Step 6: Anticipate a mental workout, too. As the teacher, you might not necessarily log a solid workout for yourself. (Your clients are the ones who should be sweating, after all.) But to be a fitness instructor, you’ll need to flex your mental muscles: Lobbing instructions, monitoring everyone’s form, juggling the music, and keeping your class motivated will definitely be an exercise for your brain, says Wilke.

Creating a schedule can help you stay organized. “At Throwback, we spend a couple hours at the beginning of the month creating a rough outline of the programming for the upcoming month,” says Wilke. “And on Mondays, we spend a few more hours adding in the details for classes of the upcoming week.”

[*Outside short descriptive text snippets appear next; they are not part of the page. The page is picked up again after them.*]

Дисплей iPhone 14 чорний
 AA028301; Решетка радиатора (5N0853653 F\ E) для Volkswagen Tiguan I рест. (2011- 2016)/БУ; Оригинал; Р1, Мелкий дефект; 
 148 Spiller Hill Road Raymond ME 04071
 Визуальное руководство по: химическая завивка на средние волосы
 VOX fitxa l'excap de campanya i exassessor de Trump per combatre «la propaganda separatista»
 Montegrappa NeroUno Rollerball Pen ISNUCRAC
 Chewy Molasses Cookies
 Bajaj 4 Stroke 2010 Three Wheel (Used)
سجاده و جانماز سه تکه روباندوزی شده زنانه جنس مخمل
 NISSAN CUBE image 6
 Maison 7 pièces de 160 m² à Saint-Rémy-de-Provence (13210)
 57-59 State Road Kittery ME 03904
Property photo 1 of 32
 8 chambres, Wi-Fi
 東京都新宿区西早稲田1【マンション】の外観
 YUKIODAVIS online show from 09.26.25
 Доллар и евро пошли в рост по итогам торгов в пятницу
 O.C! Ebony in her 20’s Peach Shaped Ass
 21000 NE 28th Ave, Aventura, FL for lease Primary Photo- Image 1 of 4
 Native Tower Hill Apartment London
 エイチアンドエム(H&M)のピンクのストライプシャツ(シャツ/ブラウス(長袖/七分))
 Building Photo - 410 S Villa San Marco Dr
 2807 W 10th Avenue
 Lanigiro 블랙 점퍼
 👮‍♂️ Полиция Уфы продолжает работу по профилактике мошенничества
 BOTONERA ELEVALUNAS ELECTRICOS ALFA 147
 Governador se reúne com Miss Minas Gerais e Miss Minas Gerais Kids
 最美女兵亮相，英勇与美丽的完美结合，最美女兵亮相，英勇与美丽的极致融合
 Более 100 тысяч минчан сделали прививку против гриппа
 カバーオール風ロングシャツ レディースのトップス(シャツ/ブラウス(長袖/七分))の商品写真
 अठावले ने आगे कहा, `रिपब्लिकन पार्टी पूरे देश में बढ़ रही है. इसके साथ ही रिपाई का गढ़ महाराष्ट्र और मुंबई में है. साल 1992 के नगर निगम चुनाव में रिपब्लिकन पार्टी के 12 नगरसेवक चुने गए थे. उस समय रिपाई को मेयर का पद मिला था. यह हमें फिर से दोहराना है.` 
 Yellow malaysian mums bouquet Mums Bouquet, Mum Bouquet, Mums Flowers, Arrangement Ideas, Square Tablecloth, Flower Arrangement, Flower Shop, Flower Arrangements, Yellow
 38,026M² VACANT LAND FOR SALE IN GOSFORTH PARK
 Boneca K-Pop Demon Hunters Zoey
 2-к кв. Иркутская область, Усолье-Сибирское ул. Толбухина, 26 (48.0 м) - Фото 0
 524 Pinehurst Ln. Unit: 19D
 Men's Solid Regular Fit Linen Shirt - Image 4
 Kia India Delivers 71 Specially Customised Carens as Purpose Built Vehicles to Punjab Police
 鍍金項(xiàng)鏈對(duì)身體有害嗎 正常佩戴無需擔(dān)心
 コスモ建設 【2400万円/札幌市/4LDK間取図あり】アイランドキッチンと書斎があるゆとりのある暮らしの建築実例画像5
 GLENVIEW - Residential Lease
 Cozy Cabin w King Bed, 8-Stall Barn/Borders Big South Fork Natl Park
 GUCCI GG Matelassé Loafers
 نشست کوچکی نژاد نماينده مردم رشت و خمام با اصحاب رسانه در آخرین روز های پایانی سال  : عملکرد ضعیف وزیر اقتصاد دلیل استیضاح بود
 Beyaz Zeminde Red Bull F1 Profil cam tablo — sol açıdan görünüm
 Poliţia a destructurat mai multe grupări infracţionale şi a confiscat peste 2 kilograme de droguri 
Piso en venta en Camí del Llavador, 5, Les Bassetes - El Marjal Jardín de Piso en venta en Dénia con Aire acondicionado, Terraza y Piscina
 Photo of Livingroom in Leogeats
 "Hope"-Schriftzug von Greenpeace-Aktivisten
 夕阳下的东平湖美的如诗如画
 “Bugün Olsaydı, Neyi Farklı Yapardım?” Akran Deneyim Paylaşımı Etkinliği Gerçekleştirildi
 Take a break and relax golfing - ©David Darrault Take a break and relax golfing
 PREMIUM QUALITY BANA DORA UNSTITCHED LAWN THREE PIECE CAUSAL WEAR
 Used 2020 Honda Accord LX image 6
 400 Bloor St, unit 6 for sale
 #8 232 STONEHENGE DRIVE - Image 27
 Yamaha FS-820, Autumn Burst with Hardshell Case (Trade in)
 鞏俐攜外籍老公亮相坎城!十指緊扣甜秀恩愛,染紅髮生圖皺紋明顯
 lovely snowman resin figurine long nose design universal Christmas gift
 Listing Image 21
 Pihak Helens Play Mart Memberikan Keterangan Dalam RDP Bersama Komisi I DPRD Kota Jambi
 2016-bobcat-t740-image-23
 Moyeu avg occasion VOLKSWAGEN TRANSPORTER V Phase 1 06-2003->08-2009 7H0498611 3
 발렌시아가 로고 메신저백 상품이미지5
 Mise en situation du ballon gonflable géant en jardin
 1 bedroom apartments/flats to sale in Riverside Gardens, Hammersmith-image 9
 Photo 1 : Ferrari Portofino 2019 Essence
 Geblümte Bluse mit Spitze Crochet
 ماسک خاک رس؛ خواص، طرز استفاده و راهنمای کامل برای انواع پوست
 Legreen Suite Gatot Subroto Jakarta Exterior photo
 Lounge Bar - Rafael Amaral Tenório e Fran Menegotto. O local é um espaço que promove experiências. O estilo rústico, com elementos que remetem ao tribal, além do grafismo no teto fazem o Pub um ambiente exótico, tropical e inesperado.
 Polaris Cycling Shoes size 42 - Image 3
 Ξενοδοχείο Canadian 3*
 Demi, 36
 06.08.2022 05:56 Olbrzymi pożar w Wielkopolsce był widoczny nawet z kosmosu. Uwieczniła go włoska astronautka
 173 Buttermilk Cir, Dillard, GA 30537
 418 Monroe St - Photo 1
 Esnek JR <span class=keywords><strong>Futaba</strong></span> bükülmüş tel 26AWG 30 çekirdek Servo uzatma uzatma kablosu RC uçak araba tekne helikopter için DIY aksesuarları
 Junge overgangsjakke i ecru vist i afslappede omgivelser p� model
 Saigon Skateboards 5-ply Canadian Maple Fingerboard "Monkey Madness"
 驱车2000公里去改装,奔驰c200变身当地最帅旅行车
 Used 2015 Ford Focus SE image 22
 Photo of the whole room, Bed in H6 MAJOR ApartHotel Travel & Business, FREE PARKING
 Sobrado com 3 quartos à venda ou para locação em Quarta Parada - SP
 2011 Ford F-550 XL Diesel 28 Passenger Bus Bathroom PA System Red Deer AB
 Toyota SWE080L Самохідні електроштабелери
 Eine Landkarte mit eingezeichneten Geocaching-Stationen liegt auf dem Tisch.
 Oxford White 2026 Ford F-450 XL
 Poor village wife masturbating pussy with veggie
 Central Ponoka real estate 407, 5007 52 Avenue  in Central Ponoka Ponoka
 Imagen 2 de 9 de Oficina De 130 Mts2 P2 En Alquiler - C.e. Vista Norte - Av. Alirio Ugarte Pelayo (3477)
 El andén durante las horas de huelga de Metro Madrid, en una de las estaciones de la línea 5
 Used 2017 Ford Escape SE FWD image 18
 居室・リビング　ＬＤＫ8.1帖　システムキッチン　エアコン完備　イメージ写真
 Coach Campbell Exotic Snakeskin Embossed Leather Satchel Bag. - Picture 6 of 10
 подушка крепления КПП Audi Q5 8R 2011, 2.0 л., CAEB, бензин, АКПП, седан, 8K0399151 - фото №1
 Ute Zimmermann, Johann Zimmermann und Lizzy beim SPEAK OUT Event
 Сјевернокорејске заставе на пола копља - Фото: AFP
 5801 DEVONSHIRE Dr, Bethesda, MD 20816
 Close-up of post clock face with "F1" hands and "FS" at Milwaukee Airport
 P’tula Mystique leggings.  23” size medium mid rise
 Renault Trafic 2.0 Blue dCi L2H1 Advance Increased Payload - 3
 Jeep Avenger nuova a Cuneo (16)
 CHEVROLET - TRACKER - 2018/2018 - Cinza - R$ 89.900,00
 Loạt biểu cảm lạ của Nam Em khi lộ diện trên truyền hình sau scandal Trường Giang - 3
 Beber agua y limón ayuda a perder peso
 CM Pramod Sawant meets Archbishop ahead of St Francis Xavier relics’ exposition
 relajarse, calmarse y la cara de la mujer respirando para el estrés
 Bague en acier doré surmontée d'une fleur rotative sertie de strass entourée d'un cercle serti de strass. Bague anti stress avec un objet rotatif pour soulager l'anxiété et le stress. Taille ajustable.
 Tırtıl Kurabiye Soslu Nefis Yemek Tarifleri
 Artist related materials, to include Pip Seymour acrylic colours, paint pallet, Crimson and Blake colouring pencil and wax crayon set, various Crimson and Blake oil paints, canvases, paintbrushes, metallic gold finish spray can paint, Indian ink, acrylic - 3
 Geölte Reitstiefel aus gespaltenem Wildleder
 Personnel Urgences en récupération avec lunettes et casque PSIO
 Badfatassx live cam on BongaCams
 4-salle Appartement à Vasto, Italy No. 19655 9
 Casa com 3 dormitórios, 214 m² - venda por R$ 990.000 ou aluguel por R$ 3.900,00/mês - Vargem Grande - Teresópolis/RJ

Step 7: Network, network, network. You never know who will want to fill a fitness instructor position in the future. So the best way to stay on top of potential job openings is to start building up a network. Taking classes from other instructors is a good start; finding a mentor is another. And once you already have a gig, volunteering at your local YMCA or offering to teach warmups before a 5K can help you meet potential clients, says Dobrosielski.

Most important, be open to new experiences and people. You never know who you’ll meet, or who might open a door for you or your business one day, says Dobrosiekski.